Web page caption snippets
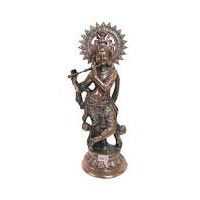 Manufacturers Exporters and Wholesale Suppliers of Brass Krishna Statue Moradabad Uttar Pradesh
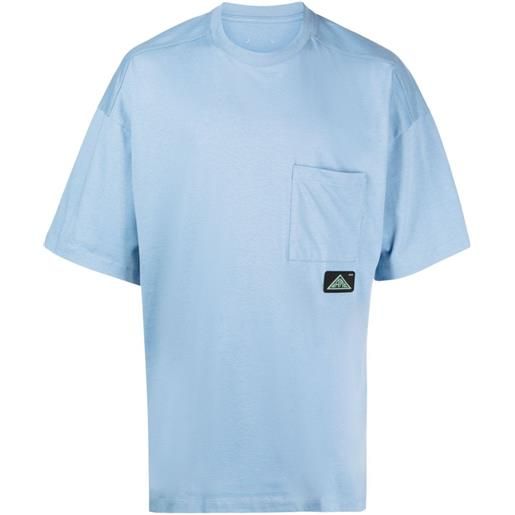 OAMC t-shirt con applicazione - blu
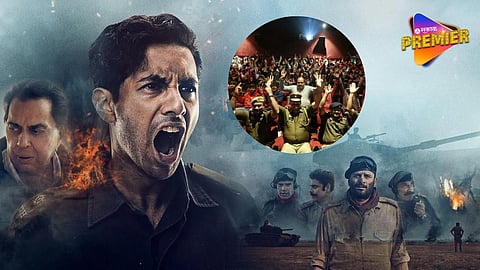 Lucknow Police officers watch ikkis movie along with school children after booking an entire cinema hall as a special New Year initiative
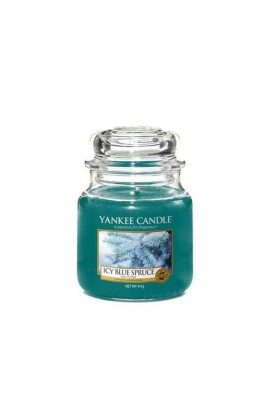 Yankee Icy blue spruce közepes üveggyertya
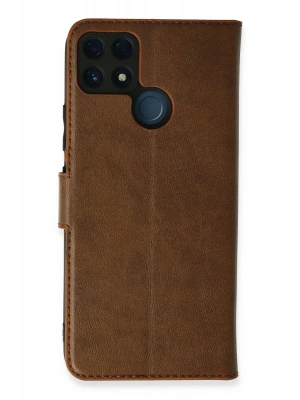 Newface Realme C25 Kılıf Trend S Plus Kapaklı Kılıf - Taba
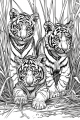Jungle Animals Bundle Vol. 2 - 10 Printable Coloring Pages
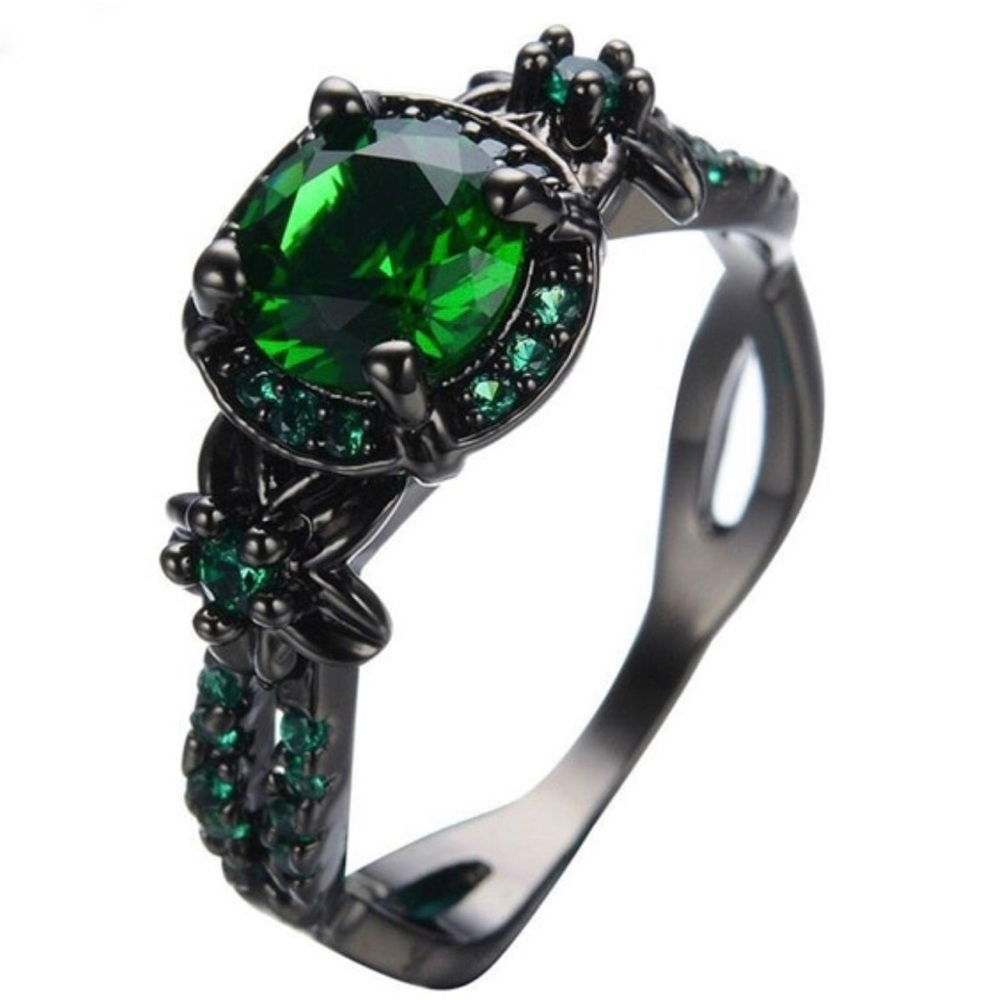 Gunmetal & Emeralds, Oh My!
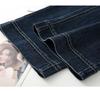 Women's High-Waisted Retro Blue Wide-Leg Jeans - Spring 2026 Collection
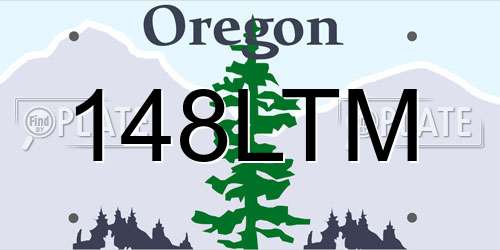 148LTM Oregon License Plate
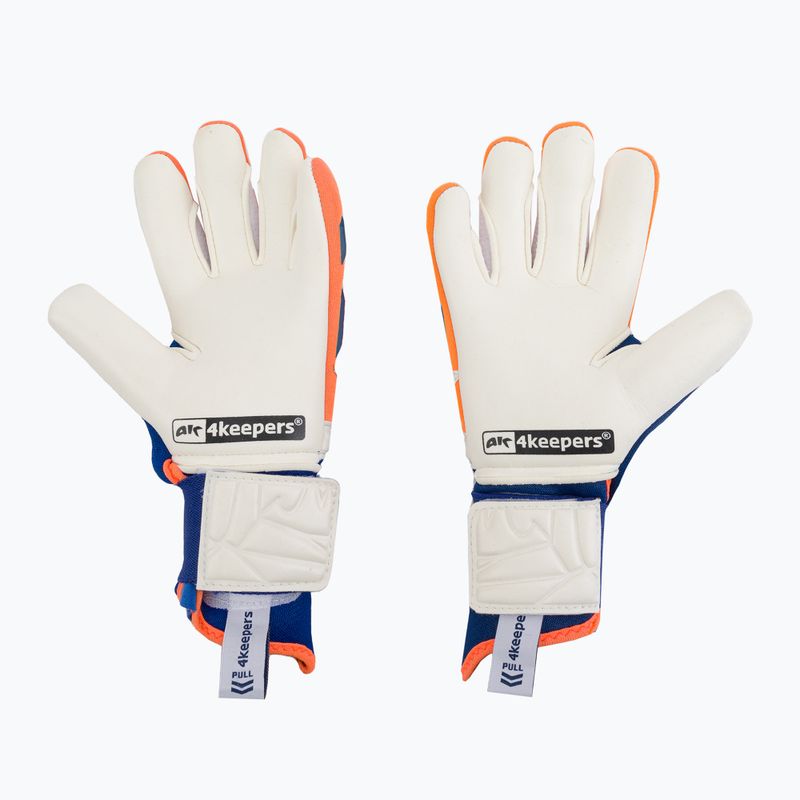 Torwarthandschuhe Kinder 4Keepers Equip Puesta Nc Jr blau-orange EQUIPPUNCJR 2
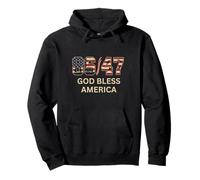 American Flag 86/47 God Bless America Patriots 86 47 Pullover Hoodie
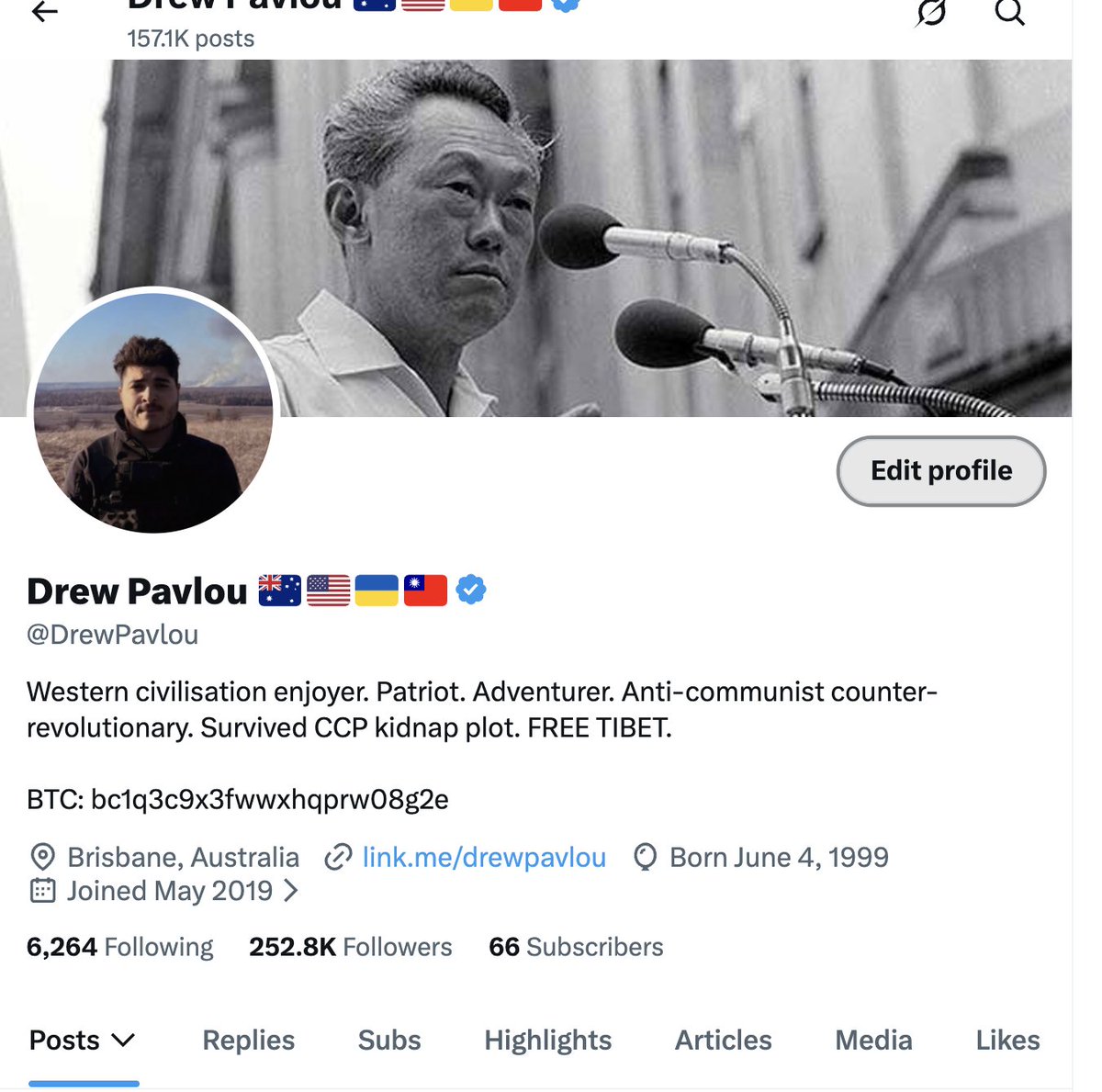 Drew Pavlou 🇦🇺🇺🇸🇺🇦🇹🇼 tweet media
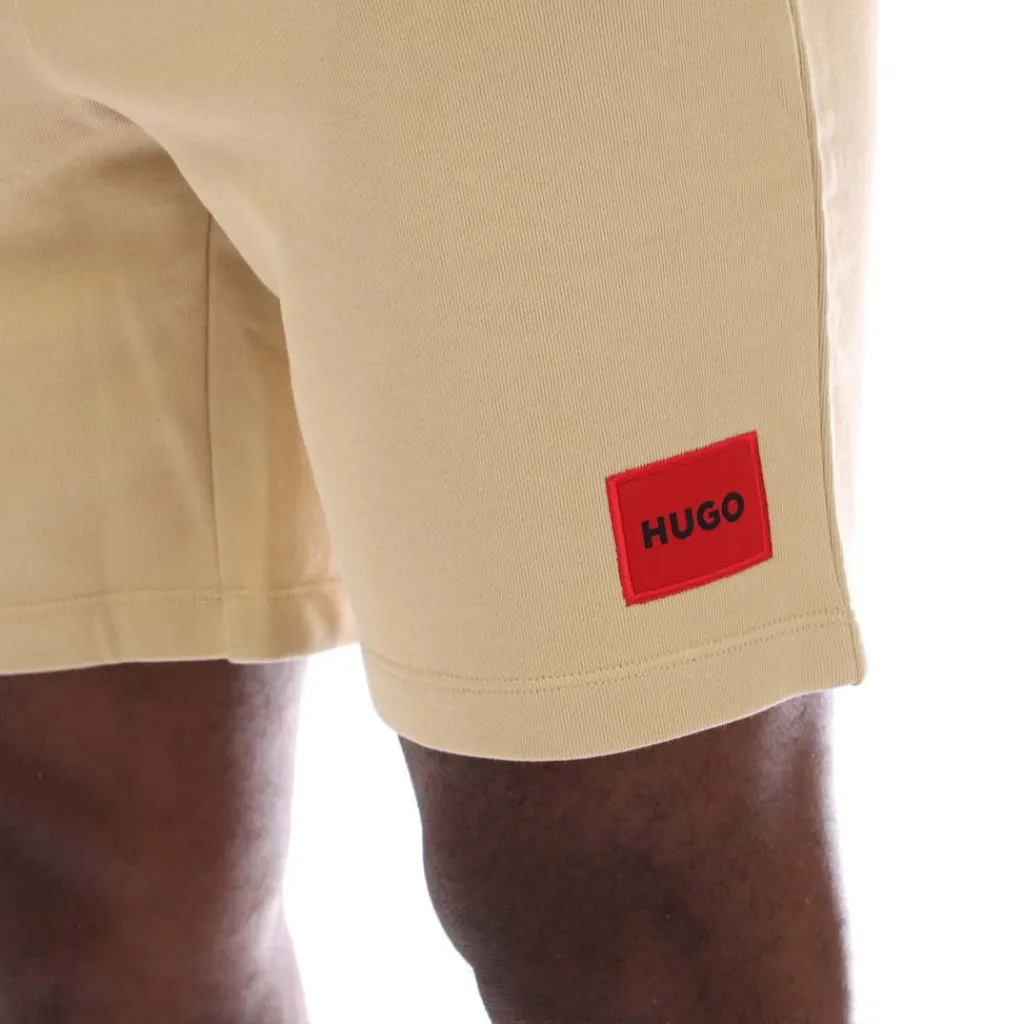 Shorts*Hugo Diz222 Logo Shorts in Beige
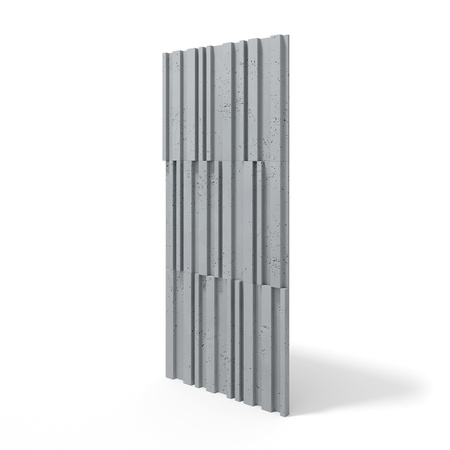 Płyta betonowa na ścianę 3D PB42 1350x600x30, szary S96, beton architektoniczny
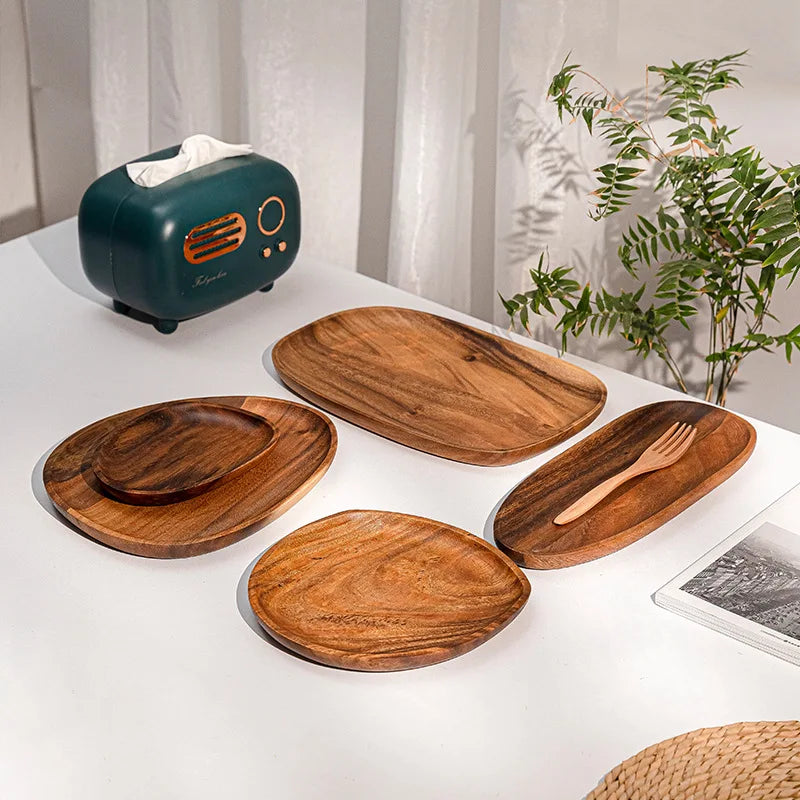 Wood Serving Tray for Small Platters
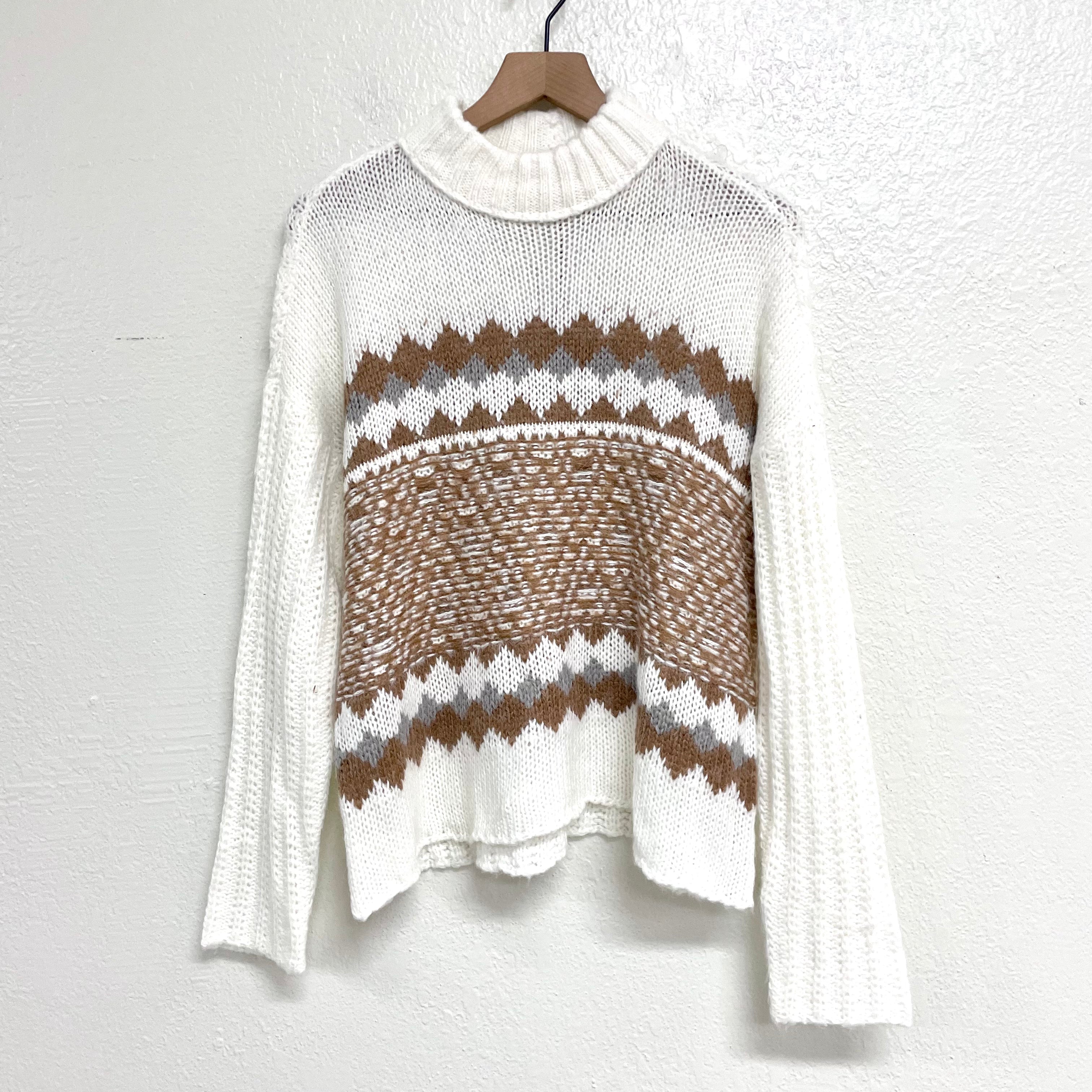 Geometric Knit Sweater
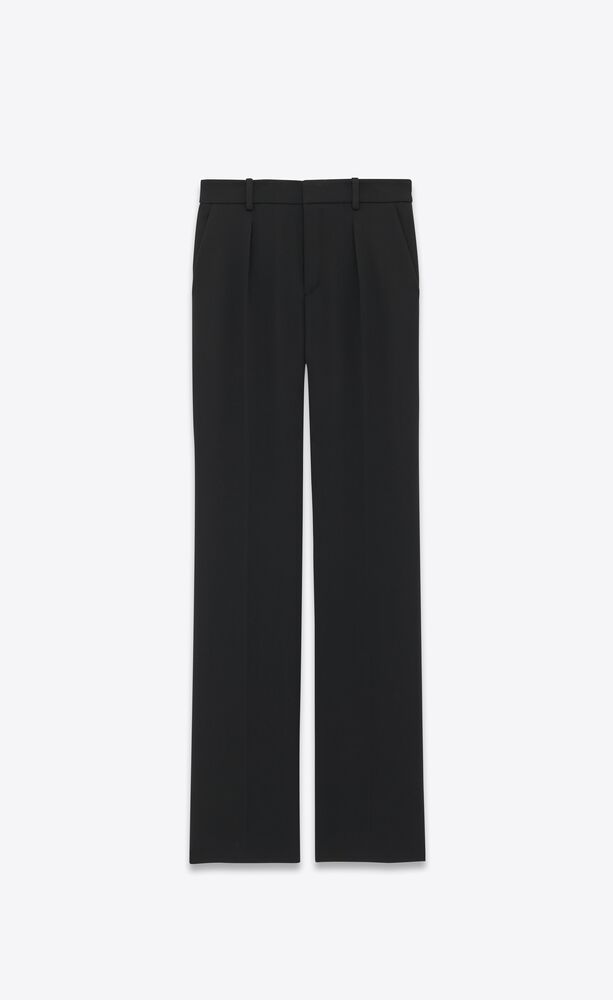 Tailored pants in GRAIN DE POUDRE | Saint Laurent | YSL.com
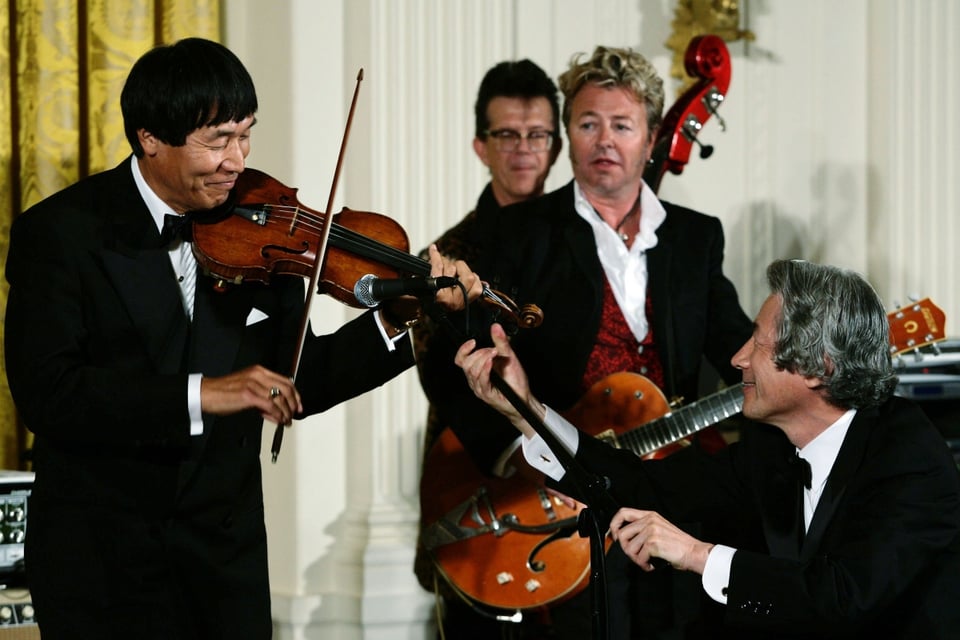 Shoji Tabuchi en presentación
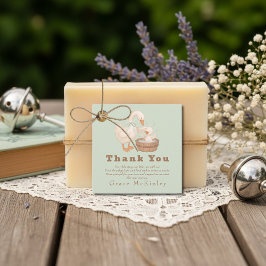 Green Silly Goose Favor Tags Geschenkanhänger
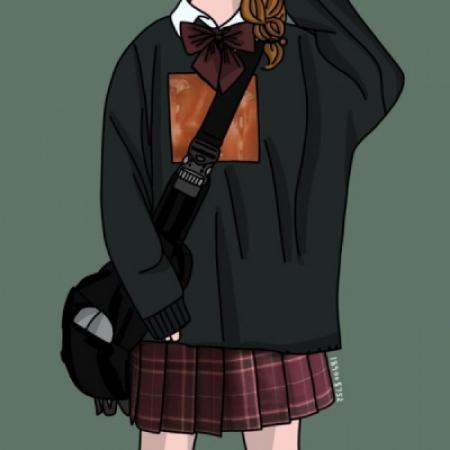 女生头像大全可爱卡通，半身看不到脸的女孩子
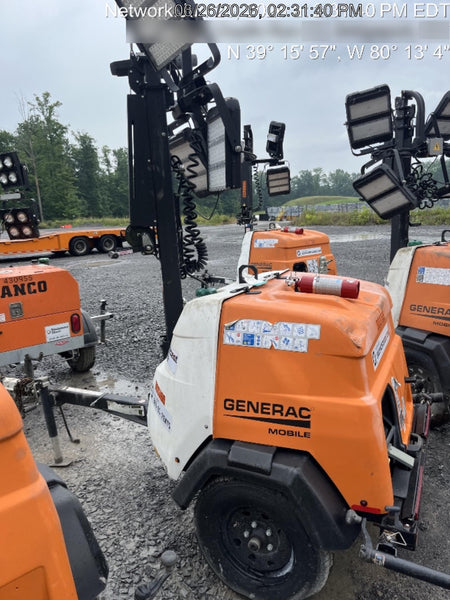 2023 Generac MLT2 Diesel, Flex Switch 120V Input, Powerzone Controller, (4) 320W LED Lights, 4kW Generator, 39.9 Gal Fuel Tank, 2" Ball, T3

* Task instructions
Above are the records; set down exactly the lines from the line containing "Shorts*Hugo Diz222 Logo Shorts in Beige" through their last line, leaving every picture out.

* Reply to the exercise
 Shorts*Hugo Diz222 Logo Shorts in Beige
 Płyta betonowa na ścianę 3D PB42 1350x600x30, szary S96, beton architektoniczny
 Wood Serving Tray for Small Platters
 Geometric Knit Sweater
 Tailored pants in GRAIN DE POUDRE | Saint Laurent | YSL.com
 Shoji Tabuchi en presentación
 Green Silly Goose Favor Tags Geschenkanhänger
 女生头像大全可爱卡通，半身看不到脸的女孩子
 2023 Generac MLT2 Diesel, Flex Switch 120V Input, Powerzone Controller, (4) 320W LED Lights, 4kW Generator, 39.9 Gal Fuel Tank, 2" Ball, T3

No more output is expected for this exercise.